Crikey!, we have often stayed in Parques Naturales & Parques Nacionales.
We have never been moved on, I didn't realise it is Prohibido, we must have been lucky.


----------



## GWAYGWAY (Jun 2, 2017)

How about writing back and pleading lack of awareness and that they said nothing about what they wanted  at the time..
Seems a bit steep to fined for something you know nothing about.  I certainly have no intention of going there ,as it seems to easy to fall foul of  rules seemingly made up on the spot.  It helps their economy to have  visitors but a lot quicker to give swingeing fines.


----------



## Byronic (Jun 2, 2017)

GWAYGWAY said:


> How about writing back and pleading lack of awareness and that they said nothing about what they wanted  at the time..
> Seems a bit steep to fined for something you know nothing about.  I certainly have no intention of going there ,as it seems to easy to fall foul of  rules seemingly made up on the spot.  It helps their economy to have  visitors but a lot quicker to give swingeing fines.

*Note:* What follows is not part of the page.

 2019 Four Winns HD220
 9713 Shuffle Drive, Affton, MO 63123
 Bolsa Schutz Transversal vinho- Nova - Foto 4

Actually if you base your assumptions on a few sporadic posts here and there then you are very likely to reach the wrong conclusion. 
You'd be surprised at the numbers of foreigners that get away with various misdemeanors because of the general live and let live attitude of Spanish Police and the Guardia Civil. A friendly chat often gets you a long way. Not that 
I'm suggesting the OP handled things wrongly I wasn't there, but he might just have met the wrong cop on his off day.


----------



## biggles 1311 (Jun 3, 2017)

The 'Agente' was quite civil.(HOHO...see what I did there?!)   

 I have met far worse on my travels abroad! No argument. He said we weren't allowed to overnight. I said sorry. He took my documents to his car, returned them and said 'Adios'. So the fine kind of came out of the blue.

Technically they are right. You are not allowed to overnight in that particular area. And a slap on the wrists might well be in order but it's the scale that grieves me.

It's the first problem I've had in many years of European travel and it certainly won't deter me, but I'll a. improve the fluency of my Spanish (which ain't too bad anyway) and b. attempt to ask locally if it's ok.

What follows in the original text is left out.